WHAT YOU HAVE TO DO:
Only the lines from the one containing "Honda Accord 2008 White" through the end of the data below should be copied, each exactly as written and with both ends kept.

Short text fragments from websites:
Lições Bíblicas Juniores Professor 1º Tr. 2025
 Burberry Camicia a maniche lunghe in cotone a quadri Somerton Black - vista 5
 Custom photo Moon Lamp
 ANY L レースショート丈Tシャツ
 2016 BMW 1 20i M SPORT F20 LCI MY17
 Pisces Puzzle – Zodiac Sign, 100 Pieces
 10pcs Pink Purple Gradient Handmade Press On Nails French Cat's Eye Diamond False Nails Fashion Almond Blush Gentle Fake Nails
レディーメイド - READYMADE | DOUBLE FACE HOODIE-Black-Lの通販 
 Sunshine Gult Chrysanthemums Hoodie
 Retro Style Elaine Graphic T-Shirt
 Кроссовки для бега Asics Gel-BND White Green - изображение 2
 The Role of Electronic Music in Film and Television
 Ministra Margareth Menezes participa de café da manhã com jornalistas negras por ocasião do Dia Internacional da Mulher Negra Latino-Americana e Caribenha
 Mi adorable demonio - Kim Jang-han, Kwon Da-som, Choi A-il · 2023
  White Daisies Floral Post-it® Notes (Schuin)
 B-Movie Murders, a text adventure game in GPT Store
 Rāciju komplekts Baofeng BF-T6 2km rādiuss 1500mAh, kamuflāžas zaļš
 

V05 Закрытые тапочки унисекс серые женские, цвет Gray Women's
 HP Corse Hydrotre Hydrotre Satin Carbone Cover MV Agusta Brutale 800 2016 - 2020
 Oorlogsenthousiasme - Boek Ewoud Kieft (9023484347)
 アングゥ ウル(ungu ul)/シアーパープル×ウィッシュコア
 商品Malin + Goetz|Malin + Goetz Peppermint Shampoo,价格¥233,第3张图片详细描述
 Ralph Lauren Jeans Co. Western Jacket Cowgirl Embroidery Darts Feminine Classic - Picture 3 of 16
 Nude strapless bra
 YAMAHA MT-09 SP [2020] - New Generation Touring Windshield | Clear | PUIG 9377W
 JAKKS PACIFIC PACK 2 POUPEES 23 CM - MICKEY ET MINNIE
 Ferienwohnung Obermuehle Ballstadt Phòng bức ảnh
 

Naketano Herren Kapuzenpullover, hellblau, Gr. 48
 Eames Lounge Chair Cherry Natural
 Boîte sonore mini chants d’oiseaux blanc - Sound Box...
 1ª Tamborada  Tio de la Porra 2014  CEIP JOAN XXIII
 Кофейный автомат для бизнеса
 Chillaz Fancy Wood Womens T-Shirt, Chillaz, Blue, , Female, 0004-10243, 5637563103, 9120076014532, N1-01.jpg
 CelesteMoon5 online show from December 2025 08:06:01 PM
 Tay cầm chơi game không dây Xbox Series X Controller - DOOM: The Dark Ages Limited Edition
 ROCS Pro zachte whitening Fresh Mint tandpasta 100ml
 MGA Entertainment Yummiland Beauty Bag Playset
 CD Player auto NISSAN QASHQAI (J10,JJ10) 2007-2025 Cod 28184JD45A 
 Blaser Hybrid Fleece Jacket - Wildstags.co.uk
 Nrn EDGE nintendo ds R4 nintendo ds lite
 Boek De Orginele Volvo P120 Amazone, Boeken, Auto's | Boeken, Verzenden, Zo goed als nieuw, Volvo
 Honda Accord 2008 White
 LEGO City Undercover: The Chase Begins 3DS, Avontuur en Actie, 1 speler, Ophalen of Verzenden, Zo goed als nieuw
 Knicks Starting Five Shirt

ANSWER SECTION:
 Honda Accord 2008 White
 LEGO City Undercover: The Chase Begins 3DS, Avontuur en Actie, 1 speler, Ophalen of Verzenden, Zo goed als nieuw
 Knicks Starting Five Shirt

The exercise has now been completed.